Why Your Docker Container Runs Out of Memory Before the OOM Killer Fires

You set a container memory limit of 1.5GB. Your application's top output inside the container shows RSS at 400MB. You think you have plenty of headroom. Then the OOM killer fires.

This is not a rare edge case. It is a predictable consequence of cgroup memory accounting, which counts things that process-level RSS does not.

What the Cgroup Limit Actually Counts

The Linux cgroup memory limit — what Docker's --memory flag sets — counts:

Anonymous memory: heap, stack, mmap'd anonymous regions. This is what RSS captures.
Page cache: file-backed pages brought into memory by reads. If your application reads a 500MB file, those pages count against the cgroup limit even though RSS doesn't show them.
tmpfs mounts: /dev/shm is a tmpfs. If you're using shared memory (Python multiprocessing, Redis --save to /dev/shm, or explicit shm_open calls), it counts. The default /dev/shm in a Docker container uses host tmpfs and counts against container memory.
Kernel slab caches allocated for the cgroup's processes.

The gap between "RSS as reported by top" and "memory as reported by cgroup" can be large. A container doing significant file I/O or using shared memory extensively will show a small RSS but a large cgroup usage.

Reading the Real Number

From inside the container:

# Current usage (bytes)
cat /sys/fs/cgroup/memory.current

# Detailed breakdown (cgroup v2)
cat /sys/fs/cgroup/memory.stat

The memory.stat file breaks out anon, file (page cache), shmem, kernel_stack, and more. If file is large and growing, your application is accumulating page cache. This is normal behavior — the kernel caches file reads aggressively — but it counts against your limit.

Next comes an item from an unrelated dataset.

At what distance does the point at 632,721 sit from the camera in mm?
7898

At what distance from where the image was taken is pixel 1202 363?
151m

From outside the container:

docker stats --no-stream

docker stats reports memory.usage_in_bytes which includes page cache. The number you see in the MEM USAGE column is not RSS — it is total cgroup accounting.

The /dev/shm Trap

The most common source of surprise in production is /dev/shm. Python's multiprocessing module uses it for inter-process shared objects on Linux. So does any application that calls shm_open(). The default Docker container has /dev/shm mounted as a 64MB tmpfs — but that 64MB counts against memory limit, and if your application writes more than the shm size allows, you get ENOSPC, not an OOM.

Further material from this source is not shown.